The issue also feature a cover story on Obama's economic views.

In his article, Bai asks, "who's to say that Americans are misguided for craving a little cool in their candidates? ...The infatuation with star quality reflects, on some level, the yearning for the next Roosevelt....or Kennedy....some reformer with the dynamism and charisma to renew a dialogue at home and kinships around the world...

"It's curious that McCain would disparage the force of this undercurrent in American politics: after all, he was its beneficiary when he ran in 2000."

Obama and his chief strategist, David Axelrod, have "internalized the lessons of Reagan and Bush. Instead, it is McCain who has fallen into the classic Democratic trap of equating celebrity with emptiness and broad thematics with a lack of depth."
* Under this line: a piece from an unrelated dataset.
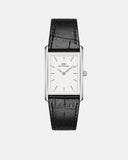 Bound 35x24 Black Croc Leather S White Watch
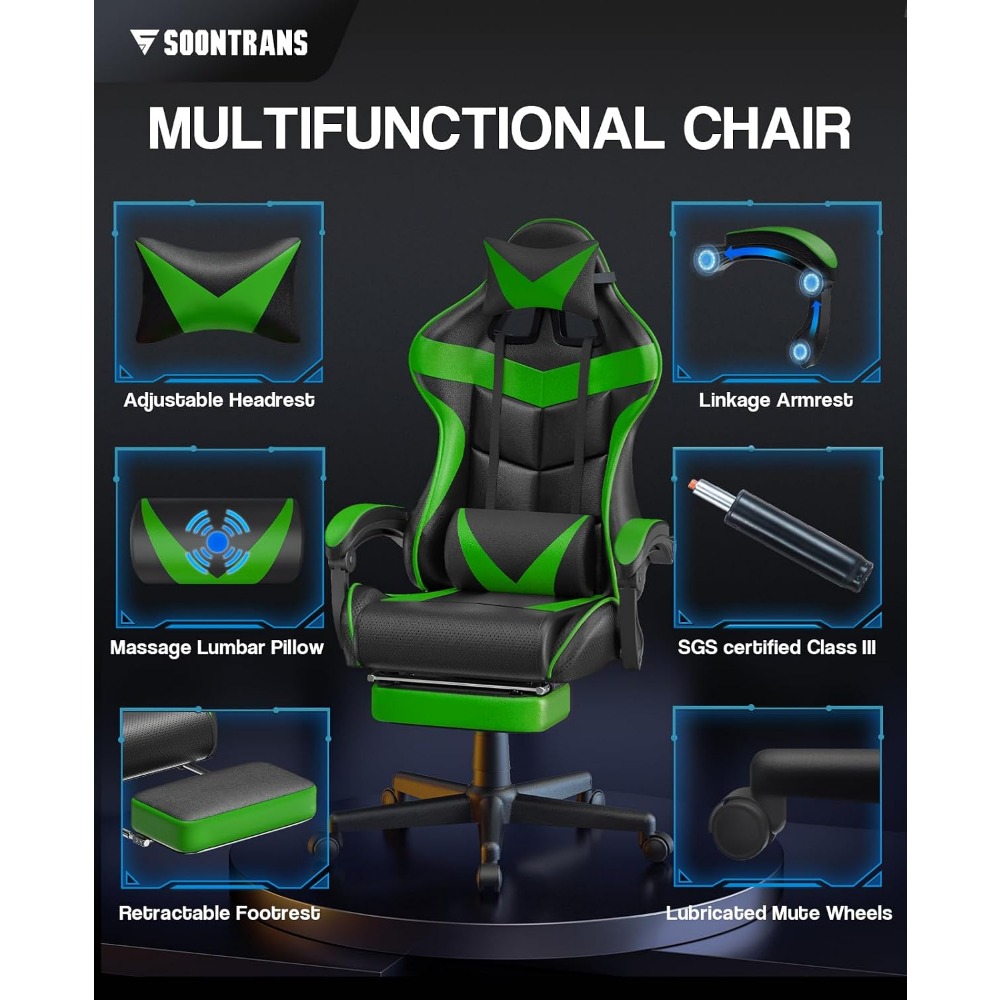 Silla de Juego Ergonómica con  - Sofas reseña y precio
His silly Obama/Britney/Paris Hilton ad "may not help. For one thing, unlike Gore or Kerry, McCain has nevef been mistaken for a policy wonk, and he flubs important details with some frequency; it's not as if his command of substance makes Obama seem like a marshmallow by comparison.

"But the larger problem with campaigning against cool is that it seldom actually works. Too often, when you mock celebrity, you also seem to be mocking all the people who get to define celebrity--which is to say, American consumers. In a way, McCain's celebrity ad could be the 2008 version of Gore's infamous sighs. It says, If you really find this character compelling, then there's got to be something wrong with you, too."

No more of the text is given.